Солдаты дружно рассмеялись, а Шемякин, не терпевший над собою шуток, задал еще один интересующий его вопрос, отвлекая от своей личности дружеский смех:

– Товарищ младший сержант, а от чего же горючка загорится, когда я бутылку разобью?

– Про этот случай, там внутрь склянка положена. Вот бутылку расколотишь, и склянка эта разлетится вдребезги, а в ней самый запал и есть, от него и займется, – объяснил малограмотный Рябцев, как умел.

Шемякин поднес к глазам бутылку и сквозь зеленую муть разглядел тонкую продолговатую ампулку с белым фосфором, который, вступив в соединение с горючей смесью, моментально воспламенил бы ее.

– Воооздууух!!! – раздалось откуда-то со стороны третьей роты.

Солдаты разбежались каждый к своему окопу, и через десяток секунд песчаная дюна опустела. Самолет-разведчик пролетал над вымершими позициями. Красноармейцы жались к стенкам своих узеньких окопов и боялись, как бы снова на их головы не посыпались бомбы. Но больше всего тревоги было сейчас на сердце у Смоленцева. Он знал, что этот самолет не будет сбрасывать бомб, он здесь для другой цели. «Жди „гостей“, – говорил сам себе молодой комбат, вот черти грамотные, перед боем разведку с воздуха проводят, все честь по чести».
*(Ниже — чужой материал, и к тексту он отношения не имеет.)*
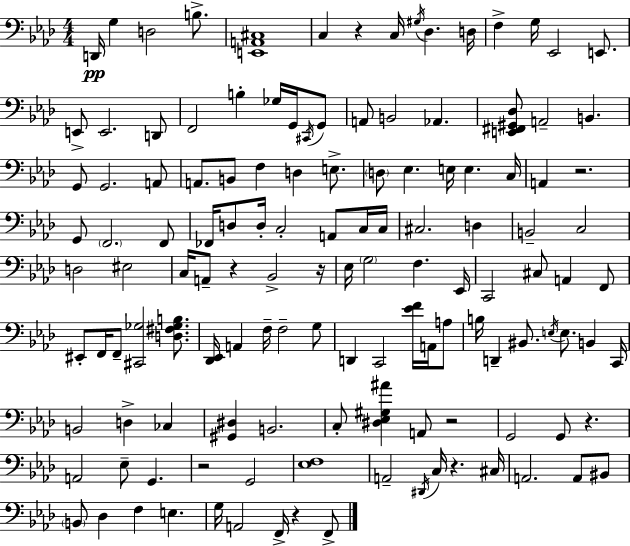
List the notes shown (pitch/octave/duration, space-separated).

D2/s G3/q D3/h B3/e. [E2,A2,C#3]/w C3/q R/q C3/s G#3/s Db3/q. D3/s F3/q G3/s Eb2/h E2/e. E2/e E2/h. D2/e F2/h B3/q Gb3/s G2/s C#2/s G2/e A2/e B2/h Ab2/q. [E2,F#2,G#2,Db3]/e A2/h B2/q. G2/e G2/h. A2/e A2/e. B2/e F3/q D3/q E3/e. D3/e Eb3/q. E3/s E3/q. C3/s A2/q R/h. G2/e F2/h. F2/e FES2/s D3/e D3/s C3/h A2/e C3/s C3/s C#3/h. D3/q B2/h C3/h D3/h EIS3/h C3/s A2/e R/q Bb2/h R/s Eb3/s G3/h F3/q. Eb2/s C2/h C#3/e A2/q F2/e EIS2/e F2/s F2/e [C#2,Gb3]/h [D3,F#3,Gb3,B3]/e. [Db2,Eb2]/s A2/q F3/s F3/h G3/e D2/q C2/h [Eb4,F4]/s A2/s A3/e B3/s D2/q BIS2/e. E3/s E3/e. B2/q C2/s B2/h D3/q CES3/q [G#2,D#3]/q B2/h. C3/e [D#3,Eb3,G#3,A#4]/q A2/e R/h G2/h G2/e R/q. A2/h Eb3/e G2/q. R/h G2/h [Eb3,F3]/w A2/h D#2/s C3/s R/q. C#3/s A2/h. A2/e BIS2/e B2/e Db3/q F3/q E3/q. G3/s A2/h F2/s R/q F2/e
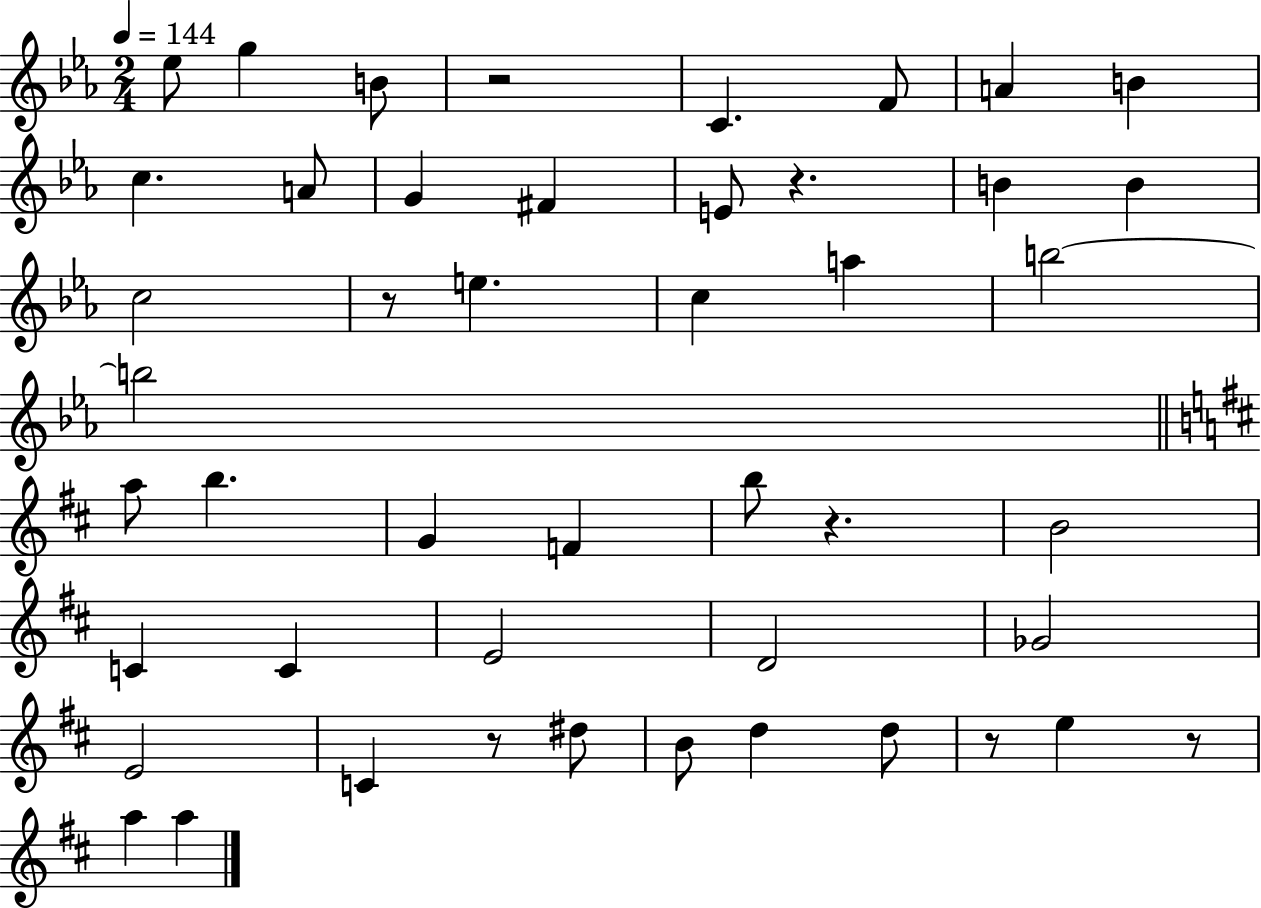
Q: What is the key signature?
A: EES major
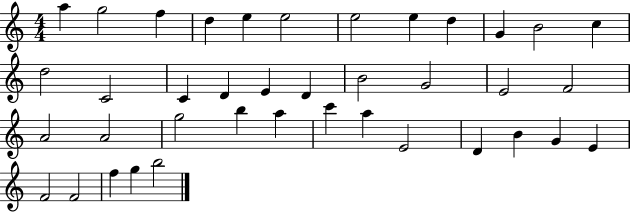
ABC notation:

X:1
T:Untitled
M:4/4
L:1/4
K:C
a g2 f d e e2 e2 e d G B2 c d2 C2 C D E D B2 G2 E2 F2 A2 A2 g2 b a c' a E2 D B G E F2 F2 f g b2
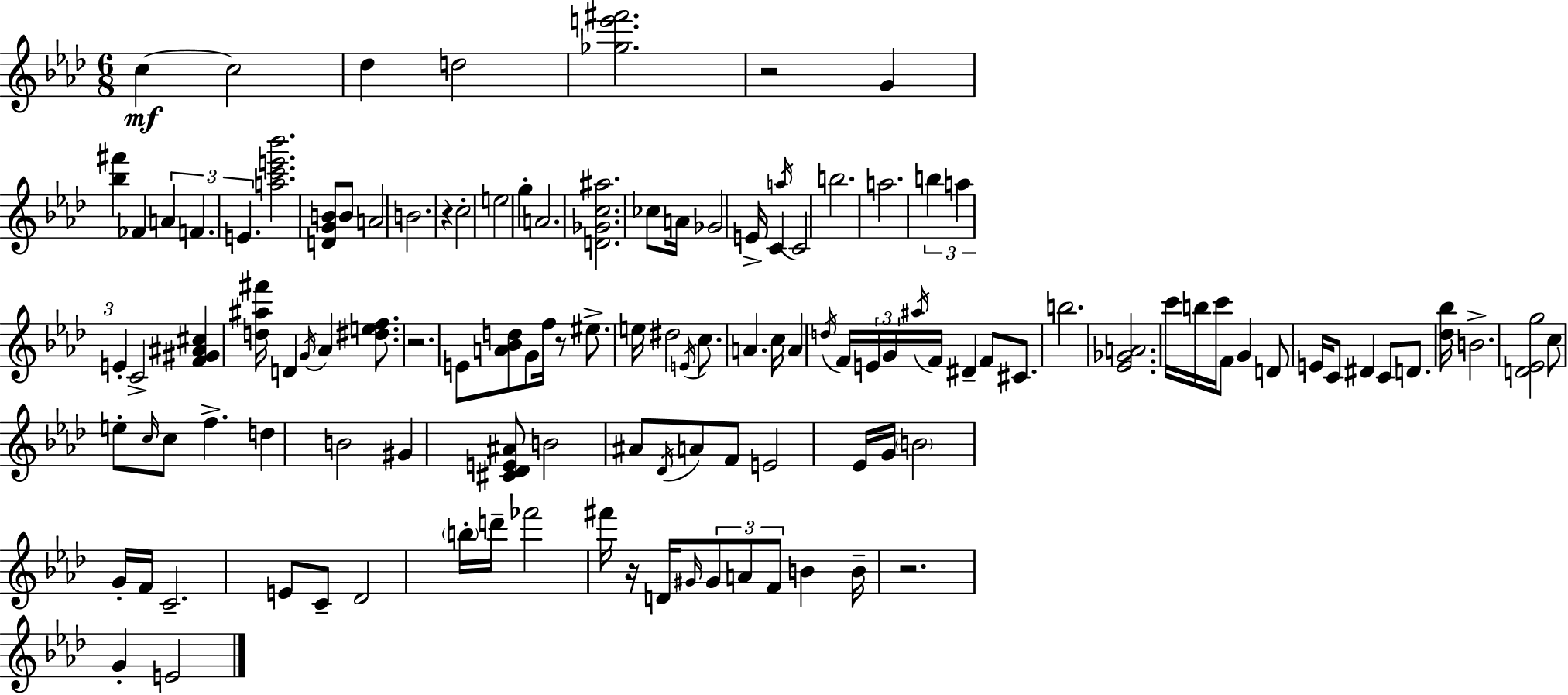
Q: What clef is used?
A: treble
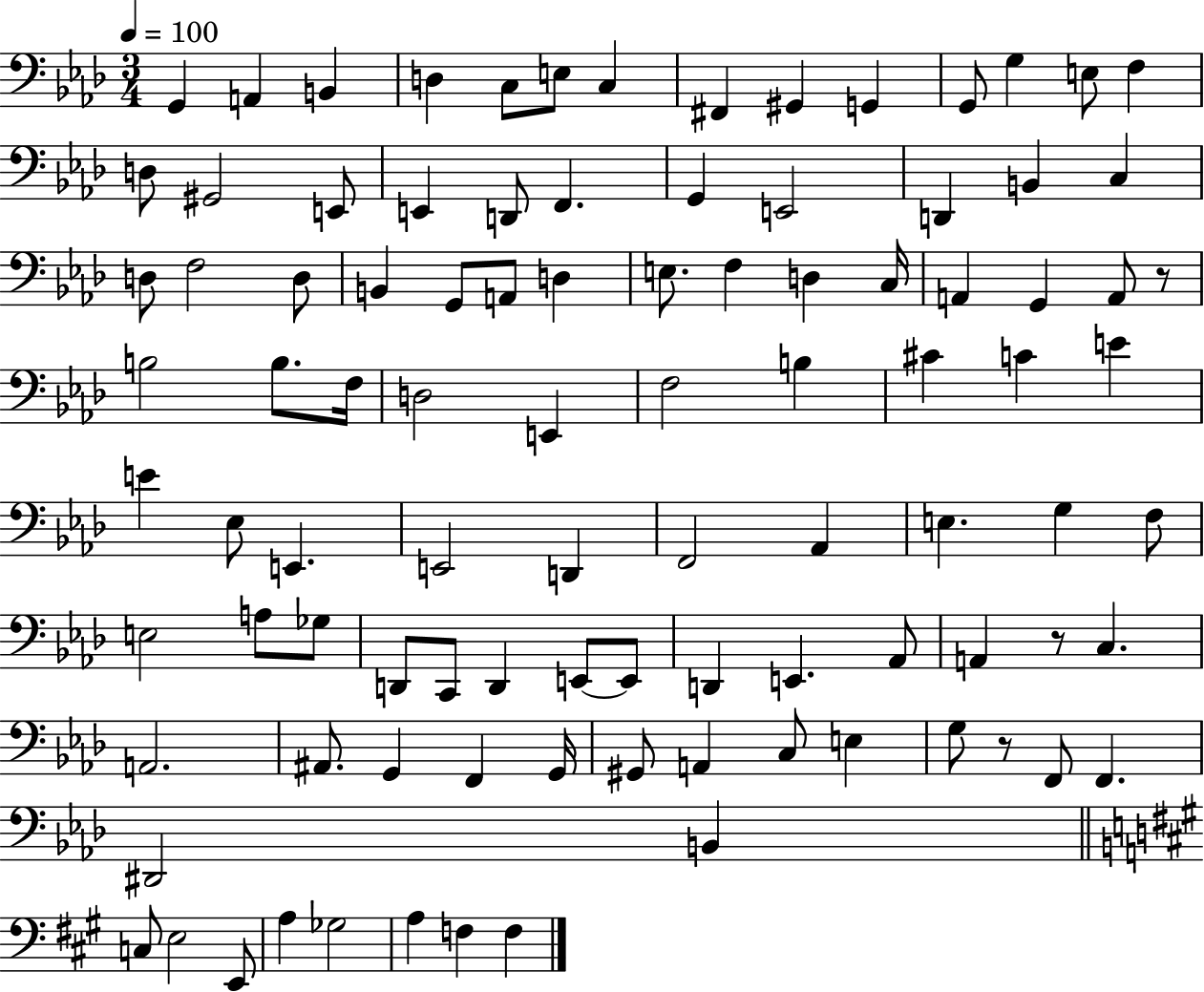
G2/q A2/q B2/q D3/q C3/e E3/e C3/q F#2/q G#2/q G2/q G2/e G3/q E3/e F3/q D3/e G#2/h E2/e E2/q D2/e F2/q. G2/q E2/h D2/q B2/q C3/q D3/e F3/h D3/e B2/q G2/e A2/e D3/q E3/e. F3/q D3/q C3/s A2/q G2/q A2/e R/e B3/h B3/e. F3/s D3/h E2/q F3/h B3/q C#4/q C4/q E4/q E4/q Eb3/e E2/q. E2/h D2/q F2/h Ab2/q E3/q. G3/q F3/e E3/h A3/e Gb3/e D2/e C2/e D2/q E2/e E2/e D2/q E2/q. Ab2/e A2/q R/e C3/q. A2/h. A#2/e. G2/q F2/q G2/s G#2/e A2/q C3/e E3/q G3/e R/e F2/e F2/q. D#2/h B2/q C3/e E3/h E2/e A3/q Gb3/h A3/q F3/q F3/q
Дав над полем восемь или девять кругов, самолет удалился. Смоленцев велел передать по цепочке: из окопов не высовываться; приготовиться к бою.
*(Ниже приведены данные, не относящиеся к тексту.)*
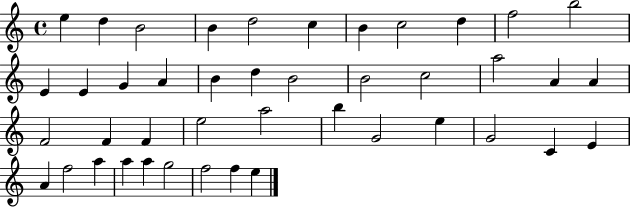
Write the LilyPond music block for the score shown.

{
  \clef treble
  \time 4/4
  \defaultTimeSignature
  \key c \major
  e''4 d''4 b'2 | b'4 d''2 c''4 | b'4 c''2 d''4 | f''2 b''2 | \break e'4 e'4 g'4 a'4 | b'4 d''4 b'2 | b'2 c''2 | a''2 a'4 a'4 | \break f'2 f'4 f'4 | e''2 a''2 | b''4 g'2 e''4 | g'2 c'4 e'4 | \break a'4 f''2 a''4 | a''4 a''4 g''2 | f''2 f''4 e''4 | \bar "|."
}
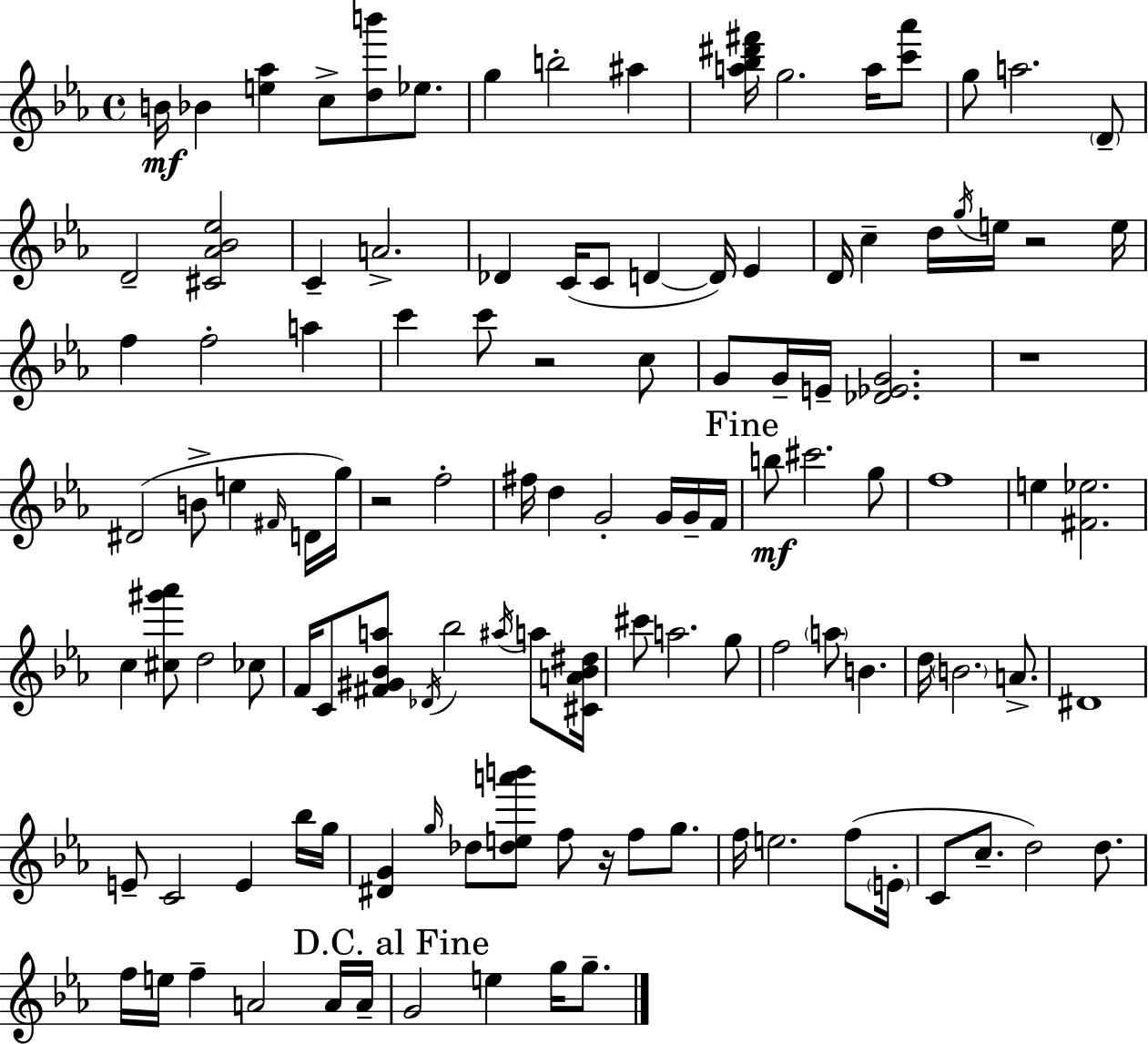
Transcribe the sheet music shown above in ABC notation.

X:1
T:Untitled
M:4/4
L:1/4
K:Eb
B/4 _B [e_a] c/2 [db']/2 _e/2 g b2 ^a [a_b^d'^f']/4 g2 a/4 [c'_a']/2 g/2 a2 D/2 D2 [^C_A_B_e]2 C A2 _D C/4 C/2 D D/4 _E D/4 c d/4 g/4 e/4 z2 e/4 f f2 a c' c'/2 z2 c/2 G/2 G/4 E/4 [_D_EG]2 z4 ^D2 B/2 e ^F/4 D/4 g/4 z2 f2 ^f/4 d G2 G/4 G/4 F/4 b/2 ^c'2 g/2 f4 e [^F_e]2 c [^c^g'_a']/2 d2 _c/2 F/4 C/2 [^F^G_Ba]/2 _D/4 _b2 ^a/4 a/2 [^CA_B^d]/4 ^c'/2 a2 g/2 f2 a/2 B d/4 B2 A/2 ^D4 E/2 C2 E _b/4 g/4 [^DG] g/4 _d/2 [_dea'b']/2 f/2 z/4 f/2 g/2 f/4 e2 f/2 E/4 C/2 c/2 d2 d/2 f/4 e/4 f A2 A/4 A/4 G2 e g/4 g/2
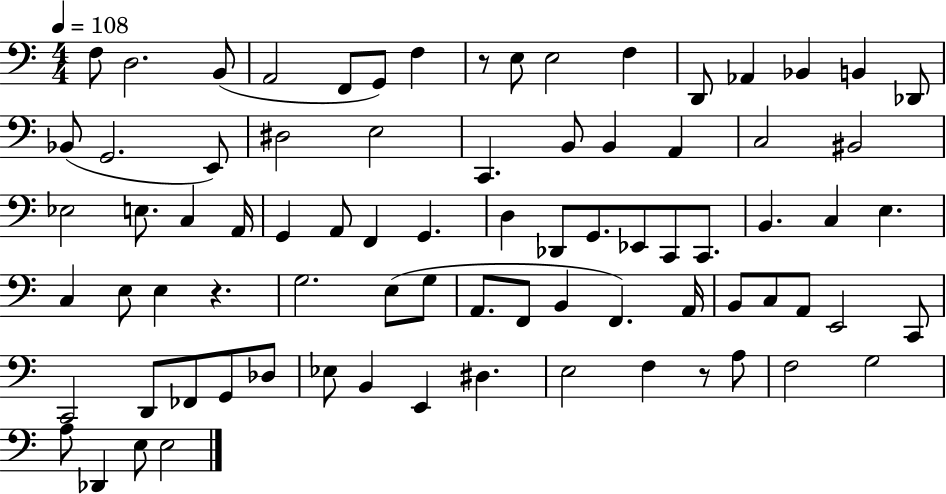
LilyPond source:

{
  \clef bass
  \numericTimeSignature
  \time 4/4
  \key c \major
  \tempo 4 = 108
  \repeat volta 2 { f8 d2. b,8( | a,2 f,8 g,8) f4 | r8 e8 e2 f4 | d,8 aes,4 bes,4 b,4 des,8 | \break bes,8( g,2. e,8) | dis2 e2 | c,4. b,8 b,4 a,4 | c2 bis,2 | \break ees2 e8. c4 a,16 | g,4 a,8 f,4 g,4. | d4 des,8 g,8. ees,8 c,8 c,8. | b,4. c4 e4. | \break c4 e8 e4 r4. | g2. e8( g8 | a,8. f,8 b,4 f,4.) a,16 | b,8 c8 a,8 e,2 c,8 | \break c,2 d,8 fes,8 g,8 des8 | ees8 b,4 e,4 dis4. | e2 f4 r8 a8 | f2 g2 | \break a8 des,4 e8 e2 | } \bar "|."
}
Не успел стихнуть гул удаляющегося самолета, как на смену ему пришел новый рокот. На дороге и по обеим сторонам от нее показались пыльные шлейфы, вертикально поднимающиеся к небу. Вскоре, у основания этих столбов стали различаться черные точки. Воздух над ними сотрясался колеблющимися струями дизельных выхлопов. Людей не было видно ни позади машин, ни сбоку от них. Создавалось впечатление, что в бой идут одни лишь жуткие стальные чудовища, влекомые кем угодно, но только не людьми, так безлюдно казалось простирающееся поле боя.

– В кого же мне стрелять? – лежа щекой на прикладе своей трехлинейки, шепотом проговорил Христолюбов.

– Ползите, ползите сюда, – шевелил губами в своем окопе Шемякин, сжимая бутылку с коктейлем Молотова.

– Только бы не остановились! – лихорадочно крутилась мысль в голове Смоленцева. – Только бы подъехали на бросок гранаты!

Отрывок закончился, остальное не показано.